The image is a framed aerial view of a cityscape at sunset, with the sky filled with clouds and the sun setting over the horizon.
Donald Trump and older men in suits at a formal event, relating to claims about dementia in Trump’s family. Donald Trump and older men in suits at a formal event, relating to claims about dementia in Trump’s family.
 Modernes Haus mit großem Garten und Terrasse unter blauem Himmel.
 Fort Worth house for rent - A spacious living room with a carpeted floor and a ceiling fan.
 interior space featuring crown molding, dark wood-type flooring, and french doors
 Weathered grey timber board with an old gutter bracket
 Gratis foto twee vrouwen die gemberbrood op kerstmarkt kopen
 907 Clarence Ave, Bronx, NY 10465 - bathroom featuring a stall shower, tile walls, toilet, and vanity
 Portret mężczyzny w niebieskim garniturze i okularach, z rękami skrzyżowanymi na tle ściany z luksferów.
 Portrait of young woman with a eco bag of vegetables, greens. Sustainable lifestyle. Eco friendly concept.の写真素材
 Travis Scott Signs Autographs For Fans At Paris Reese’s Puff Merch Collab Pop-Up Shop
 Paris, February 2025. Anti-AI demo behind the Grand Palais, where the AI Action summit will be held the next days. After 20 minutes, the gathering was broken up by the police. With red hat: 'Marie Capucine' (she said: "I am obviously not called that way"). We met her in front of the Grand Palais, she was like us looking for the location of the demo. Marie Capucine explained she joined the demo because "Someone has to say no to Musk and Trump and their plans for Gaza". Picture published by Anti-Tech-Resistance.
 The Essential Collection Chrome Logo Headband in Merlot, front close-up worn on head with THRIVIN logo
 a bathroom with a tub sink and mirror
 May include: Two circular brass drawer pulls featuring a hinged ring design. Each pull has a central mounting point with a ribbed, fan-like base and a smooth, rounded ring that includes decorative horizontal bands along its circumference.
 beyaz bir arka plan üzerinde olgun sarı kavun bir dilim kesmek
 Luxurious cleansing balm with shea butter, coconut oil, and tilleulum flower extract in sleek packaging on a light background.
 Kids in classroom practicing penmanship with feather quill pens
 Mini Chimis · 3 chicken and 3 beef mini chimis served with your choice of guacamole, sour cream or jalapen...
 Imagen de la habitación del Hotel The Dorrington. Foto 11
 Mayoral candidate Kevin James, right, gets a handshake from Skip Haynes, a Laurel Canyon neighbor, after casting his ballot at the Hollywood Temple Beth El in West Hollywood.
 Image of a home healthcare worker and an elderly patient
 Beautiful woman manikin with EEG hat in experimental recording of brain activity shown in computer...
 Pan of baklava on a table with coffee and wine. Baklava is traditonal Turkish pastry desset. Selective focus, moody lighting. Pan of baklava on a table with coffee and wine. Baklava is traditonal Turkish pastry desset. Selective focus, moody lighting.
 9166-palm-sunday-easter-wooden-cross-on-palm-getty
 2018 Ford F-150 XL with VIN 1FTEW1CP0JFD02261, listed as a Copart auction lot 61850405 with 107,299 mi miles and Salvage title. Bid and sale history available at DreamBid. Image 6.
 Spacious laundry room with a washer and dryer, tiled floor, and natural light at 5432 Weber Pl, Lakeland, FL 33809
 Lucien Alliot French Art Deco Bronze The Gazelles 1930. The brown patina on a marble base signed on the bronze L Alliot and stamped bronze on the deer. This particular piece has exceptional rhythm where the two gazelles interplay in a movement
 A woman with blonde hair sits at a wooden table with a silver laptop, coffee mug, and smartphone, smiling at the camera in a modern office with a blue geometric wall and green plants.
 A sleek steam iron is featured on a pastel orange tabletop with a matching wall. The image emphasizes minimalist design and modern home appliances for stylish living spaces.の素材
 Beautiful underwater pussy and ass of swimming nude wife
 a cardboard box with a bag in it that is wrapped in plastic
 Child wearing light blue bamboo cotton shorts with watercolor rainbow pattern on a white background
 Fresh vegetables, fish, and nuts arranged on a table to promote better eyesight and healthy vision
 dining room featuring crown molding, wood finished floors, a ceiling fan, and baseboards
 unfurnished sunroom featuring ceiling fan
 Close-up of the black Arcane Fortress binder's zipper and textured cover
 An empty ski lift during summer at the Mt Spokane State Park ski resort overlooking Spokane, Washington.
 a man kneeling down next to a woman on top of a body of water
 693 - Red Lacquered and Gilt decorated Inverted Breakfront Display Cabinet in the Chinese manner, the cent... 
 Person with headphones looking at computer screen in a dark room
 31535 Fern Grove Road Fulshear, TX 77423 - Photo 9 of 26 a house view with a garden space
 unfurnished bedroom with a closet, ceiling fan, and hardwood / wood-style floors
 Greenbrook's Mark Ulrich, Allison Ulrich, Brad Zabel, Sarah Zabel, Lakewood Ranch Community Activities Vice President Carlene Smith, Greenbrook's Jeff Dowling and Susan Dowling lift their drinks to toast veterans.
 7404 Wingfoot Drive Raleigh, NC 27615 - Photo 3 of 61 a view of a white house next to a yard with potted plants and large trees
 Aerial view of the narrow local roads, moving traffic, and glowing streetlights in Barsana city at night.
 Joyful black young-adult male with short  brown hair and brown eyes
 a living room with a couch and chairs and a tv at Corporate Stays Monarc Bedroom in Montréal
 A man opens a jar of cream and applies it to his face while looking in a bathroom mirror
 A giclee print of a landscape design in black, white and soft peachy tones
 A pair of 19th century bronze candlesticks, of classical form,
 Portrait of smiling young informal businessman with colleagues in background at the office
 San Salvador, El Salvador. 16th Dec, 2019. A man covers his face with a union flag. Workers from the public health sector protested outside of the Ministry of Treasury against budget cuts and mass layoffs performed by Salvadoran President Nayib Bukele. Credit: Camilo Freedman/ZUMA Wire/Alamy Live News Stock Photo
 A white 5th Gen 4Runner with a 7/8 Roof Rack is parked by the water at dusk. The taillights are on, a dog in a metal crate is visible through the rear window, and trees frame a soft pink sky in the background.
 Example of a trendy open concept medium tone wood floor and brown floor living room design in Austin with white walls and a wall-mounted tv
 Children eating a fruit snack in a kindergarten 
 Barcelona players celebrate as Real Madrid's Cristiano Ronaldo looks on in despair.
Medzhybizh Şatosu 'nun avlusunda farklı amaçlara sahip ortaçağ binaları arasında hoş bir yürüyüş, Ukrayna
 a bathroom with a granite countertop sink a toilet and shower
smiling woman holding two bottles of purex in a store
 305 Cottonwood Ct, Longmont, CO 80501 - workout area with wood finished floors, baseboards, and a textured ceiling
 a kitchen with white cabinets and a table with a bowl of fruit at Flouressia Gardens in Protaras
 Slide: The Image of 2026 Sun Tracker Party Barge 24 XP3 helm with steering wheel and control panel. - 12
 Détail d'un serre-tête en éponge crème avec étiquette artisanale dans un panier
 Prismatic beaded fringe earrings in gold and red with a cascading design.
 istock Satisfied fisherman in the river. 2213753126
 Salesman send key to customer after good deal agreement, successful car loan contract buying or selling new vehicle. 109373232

**PROBLEM DETAILS**
Reproduce every record above, word for word.

**TASK SOLUTION**
The image is a framed aerial view of a cityscape at sunset, with the sky filled with clouds and the sun setting over the horizon.
Donald Trump and older men in suits at a formal event, relating to claims about dementia in Trump’s family. Donald Trump and older men in suits at a formal event, relating to claims about dementia in Trump’s family.
 Modernes Haus mit großem Garten und Terrasse unter blauem Himmel.
 Fort Worth house for rent - A spacious living room with a carpeted floor and a ceiling fan.
 interior space featuring crown molding, dark wood-type flooring, and french doors
 Weathered grey timber board with an old gutter bracket
 Gratis foto twee vrouwen die gemberbrood op kerstmarkt kopen
 907 Clarence Ave, Bronx, NY 10465 - bathroom featuring a stall shower, tile walls, toilet, and vanity
 Portret mężczyzny w niebieskim garniturze i okularach, z rękami skrzyżowanymi na tle ściany z luksferów.
 Portrait of young woman with a eco bag of vegetables, greens. Sustainable lifestyle. Eco friendly concept.の写真素材
 Travis Scott Signs Autographs For Fans At Paris Reese’s Puff Merch Collab Pop-Up Shop
 Paris, February 2025. Anti-AI demo behind the Grand Palais, where the AI Action summit will be held the next days. After 20 minutes, the gathering was broken up by the police. With red hat: 'Marie Capucine' (she said: "I am obviously not called that way"). We met her in front of the Grand Palais, she was like us looking for the location of the demo. Marie Capucine explained she joined the demo because "Someone has to say no to Musk and Trump and their plans for Gaza". Picture published by Anti-Tech-Resistance.
 The Essential Collection Chrome Logo Headband in Merlot, front close-up worn on head with THRIVIN logo
 a bathroom with a tub sink and mirror
 May include: Two circular brass drawer pulls featuring a hinged ring design. Each pull has a central mounting point with a ribbed, fan-like base and a smooth, rounded ring that includes decorative horizontal bands along its circumference.
 beyaz bir arka plan üzerinde olgun sarı kavun bir dilim kesmek
 Luxurious cleansing balm with shea butter, coconut oil, and tilleulum flower extract in sleek packaging on a light background.
 Kids in classroom practicing penmanship with feather quill pens
 Mini Chimis · 3 chicken and 3 beef mini chimis served with your choice of guacamole, sour cream or jalapen...
 Imagen de la habitación del Hotel The Dorrington. Foto 11
 Mayoral candidate Kevin James, right, gets a handshake from Skip Haynes, a Laurel Canyon neighbor, after casting his ballot at the Hollywood Temple Beth El in West Hollywood.
 Image of a home healthcare worker and an elderly patient
 Beautiful woman manikin with EEG hat in experimental recording of brain activity shown in computer...
 Pan of baklava on a table with coffee and wine. Baklava is traditonal Turkish pastry desset. Selective focus, moody lighting. Pan of baklava on a table with coffee and wine. Baklava is traditonal Turkish pastry desset. Selective focus, moody lighting.
 9166-palm-sunday-easter-wooden-cross-on-palm-getty
 2018 Ford F-150 XL with VIN 1FTEW1CP0JFD02261, listed as a Copart auction lot 61850405 with 107,299 mi miles and Salvage title. Bid and sale history available at DreamBid. Image 6.
 Spacious laundry room with a washer and dryer, tiled floor, and natural light at 5432 Weber Pl, Lakeland, FL 33809
 Lucien Alliot French Art Deco Bronze The Gazelles 1930. The brown patina on a marble base signed on the bronze L Alliot and stamped bronze on the deer. This particular piece has exceptional rhythm where the two gazelles interplay in a movement
 A woman with blonde hair sits at a wooden table with a silver laptop, coffee mug, and smartphone, smiling at the camera in a modern office with a blue geometric wall and green plants.
 A sleek steam iron is featured on a pastel orange tabletop with a matching wall. The image emphasizes minimalist design and modern home appliances for stylish living spaces.の素材
 Beautiful underwater pussy and ass of swimming nude wife
 a cardboard box with a bag in it that is wrapped in plastic
 Child wearing light blue bamboo cotton shorts with watercolor rainbow pattern on a white background
 Fresh vegetables, fish, and nuts arranged on a table to promote better eyesight and healthy vision
 dining room featuring crown molding, wood finished floors, a ceiling fan, and baseboards
 unfurnished sunroom featuring ceiling fan
 Close-up of the black Arcane Fortress binder's zipper and textured cover
 An empty ski lift during summer at the Mt Spokane State Park ski resort overlooking Spokane, Washington.
 a man kneeling down next to a woman on top of a body of water
 693 - Red Lacquered and Gilt decorated Inverted Breakfront Display Cabinet in the Chinese manner, the cent... 
 Person with headphones looking at computer screen in a dark room
 31535 Fern Grove Road Fulshear, TX 77423 - Photo 9 of 26 a house view with a garden space
 unfurnished bedroom with a closet, ceiling fan, and hardwood / wood-style floors
 Greenbrook's Mark Ulrich, Allison Ulrich, Brad Zabel, Sarah Zabel, Lakewood Ranch Community Activities Vice President Carlene Smith, Greenbrook's Jeff Dowling and Susan Dowling lift their drinks to toast veterans.
 7404 Wingfoot Drive Raleigh, NC 27615 - Photo 3 of 61 a view of a white house next to a yard with potted plants and large trees
 Aerial view of the narrow local roads, moving traffic, and glowing streetlights in Barsana city at night.
 Joyful black young-adult male with short  brown hair and brown eyes
 a living room with a couch and chairs and a tv at Corporate Stays Monarc Bedroom in Montréal
 A man opens a jar of cream and applies it to his face while looking in a bathroom mirror
 A giclee print of a landscape design in black, white and soft peachy tones
 A pair of 19th century bronze candlesticks, of classical form,
 Portrait of smiling young informal businessman with colleagues in background at the office
 San Salvador, El Salvador. 16th Dec, 2019. A man covers his face with a union flag. Workers from the public health sector protested outside of the Ministry of Treasury against budget cuts and mass layoffs performed by Salvadoran President Nayib Bukele. Credit: Camilo Freedman/ZUMA Wire/Alamy Live News Stock Photo
 A white 5th Gen 4Runner with a 7/8 Roof Rack is parked by the water at dusk. The taillights are on, a dog in a metal crate is visible through the rear window, and trees frame a soft pink sky in the background.
 Example of a trendy open concept medium tone wood floor and brown floor living room design in Austin with white walls and a wall-mounted tv
 Children eating a fruit snack in a kindergarten 
 Barcelona players celebrate as Real Madrid's Cristiano Ronaldo looks on in despair.
Medzhybizh Şatosu 'nun avlusunda farklı amaçlara sahip ortaçağ binaları arasında hoş bir yürüyüş, Ukrayna
 a bathroom with a granite countertop sink a toilet and shower
smiling woman holding two bottles of purex in a store
 305 Cottonwood Ct, Longmont, CO 80501 - workout area with wood finished floors, baseboards, and a textured ceiling
 a kitchen with white cabinets and a table with a bowl of fruit at Flouressia Gardens in Protaras
 Slide: The Image of 2026 Sun Tracker Party Barge 24 XP3 helm with steering wheel and control panel. - 12
 Détail d'un serre-tête en éponge crème avec étiquette artisanale dans un panier
 Prismatic beaded fringe earrings in gold and red with a cascading design.
 istock Satisfied fisherman in the river. 2213753126
 Salesman send key to customer after good deal agreement, successful car loan contract buying or selling new vehicle. 109373232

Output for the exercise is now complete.